Escrow refers to a neutral third party that is put in charge of holding something of value—usually cash—until a transaction between a buyer and seller is complete. The money is kept safe in an escrow bank account managed only by that third party. Think of escrow kind of like a referee in a football game. They take no sides and make sure everyone is playing by the rules until the game is over. But the name of the game here is real estate.
If you’re a home buyer or seller, being in escrow means different things:
- As a buyer, you agree to pay a percentage of the home price into escrow for safekeeping.
- As a seller, you agree to take the house off the market while it’s in escrow and make it available for inspections.
The main job of escrow is to ensure a fair and smooth real estate deal from beginning to end. You can use escrow accounts for other transactions like online shopping purchases (where the escrow service holds onto the money from the buyer until confirmation that the goods have been received). But right now we’re only dealing with escrow in real estate.
Types of Escrow Accounts
Remember, you’ll mainly use escrow as a money holder while making the biggest purchase in your lifetime—a house! But you’ll also use it after you close on your home too. Let’s unpack both scenarios.

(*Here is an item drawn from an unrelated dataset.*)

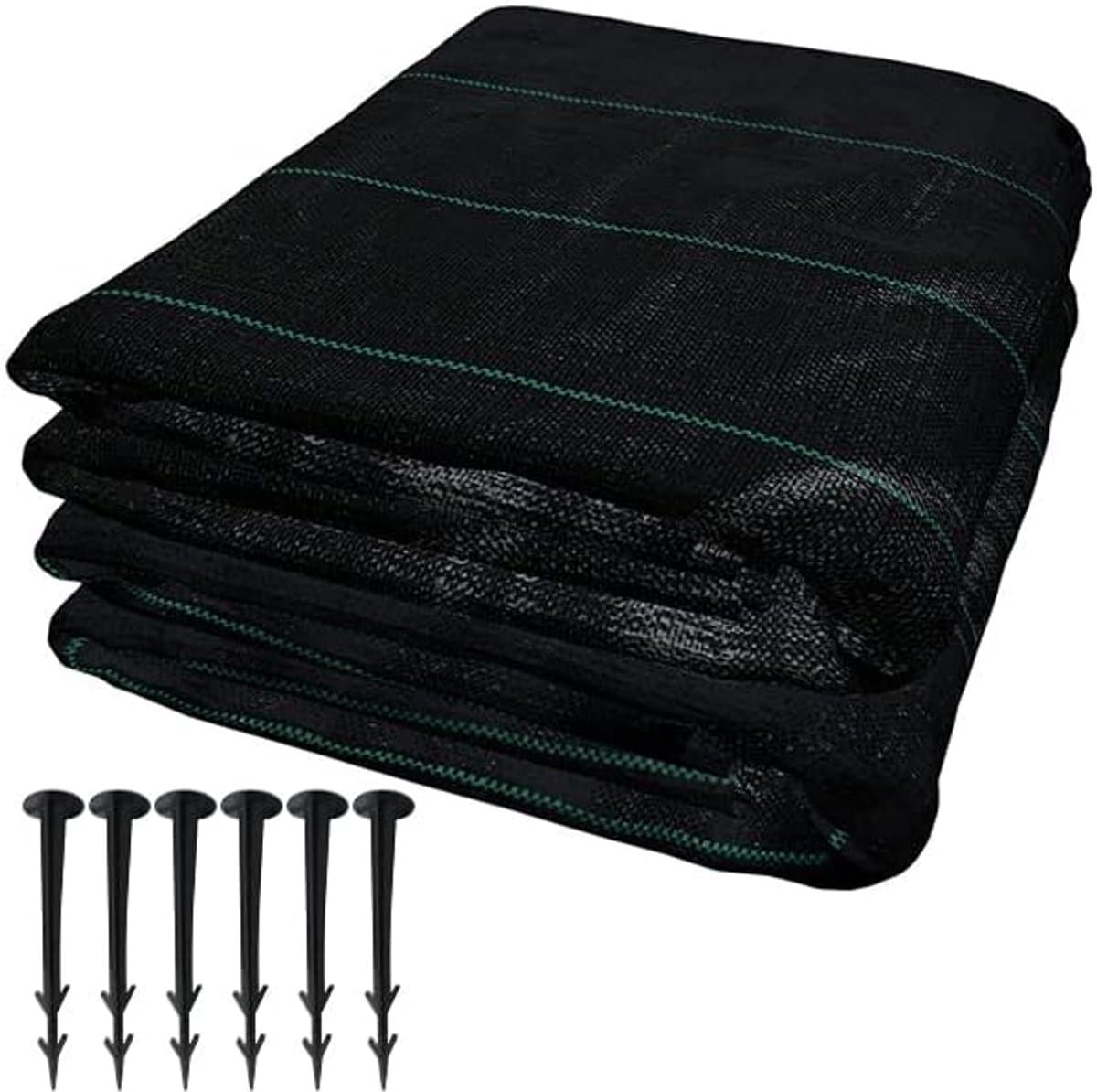 Aufun Onkruidwerend Doek - 2 x 10 m Meter - 100 Gram Per Vierkante Meter - Scheurvast Non-Woven Doek - Geschikt Voor Verhoogde Bloembedden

1. Escrow Account for Home Buying
First, you’ll probably use an escrow bank account when you find your dream home and the seller accepts your offer. Here’s how that works:
- Agree on an escrow agent. Your real estate agent will probably recommend an escrow agent who both you and the seller agree on. This escrow agent could be a professional title agent, a real estate lawyer or a mortgage loan officer.

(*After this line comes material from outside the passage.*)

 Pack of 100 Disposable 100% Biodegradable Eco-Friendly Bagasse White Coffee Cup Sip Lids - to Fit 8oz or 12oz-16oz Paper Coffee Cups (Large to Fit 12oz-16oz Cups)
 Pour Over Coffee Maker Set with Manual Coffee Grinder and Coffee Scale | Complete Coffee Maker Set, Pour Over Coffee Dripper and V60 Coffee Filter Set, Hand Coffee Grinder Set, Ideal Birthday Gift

- Deposit earnest money. You’ll be asked to put down an earnest money deposit—a small percentage of the home sale price, which you’ll make payable to the escrow provider. They’ll hang on to your money until the sale is final.
Earnest money acts kind of like a security deposit that shows the seller you’re serious about buying their house. In return, they agree to take the home off the market, make it available for inspections, and carry out any agreed-upon repairs or provide disclosures to help see the sale through.
When you finally get to closing day, the earnest money will be subtracted from the amount you owe the seller and put toward closing costs. If for any reason the seller doesn’t make an agreed-upon repair by the closing date, then money can be held from them in escrow to cover the cost to you. And if the deal falls through? Don’t worry: You’ll get your earnest money back minus a small cancellation fee.
2. Escrow Account for Mortgage Payments
Okay, even after you purchase a house, most mortgage lenders will request you have an ongoing escrow account for taxes and insurance.
This escrow account will be in your name, containing money paid in by you, and accessed by your mortgage lender. Here’s how it works:
- Set up account. Your mortgage company sets up your escrow account after you’ve closed on your home.
- Make payments. Then, you pay into it every month as part of your monthly mortgage payment.
A homeowner escrow account isn’t the most exciting thing in the world because its only purpose is to give you one place to pay for expenses like home insurance and property taxes. But at least it means you won’t have to worry about paying for those separately on your own. Also, you’re usually required to keep two months’ worth of escrow expenses in your account at all times. That’s to make sure you’re covered if your tax or insurance bills increase unexpectedly.
How Does an Escrow Account Work?
Imagine it’s closing day for your house purchase. Yay! The champagne is on ice, and you’re signing the paperwork at your real estate attorney’s office. This is when you’ll get the breakdown of your monthly payment to the mortgage lender.
To understand what’s included in your monthly mortgage payment, think of the acronym “PITI.” Here’s what that stands for:
- Principal
- Interest
- Taxes
- Insurance
Taxes and insurance are the parts of your monthly payment that will go into your escrow account and be held by your lender to pay property taxes and home insurance each year. The reason mortgage lenders want you to have an escrow account is so they don’t have to worry about you falling behind on these important expenses. In the end, you don’t want to lose your house, and they don’t want to lose the money they’ve just loaned to you! And like we pointed out, an escrow account is also helpful to you because you don’t need to stress about making sure your property taxes and home insurance are paid on time each year. The escrow account does that for you!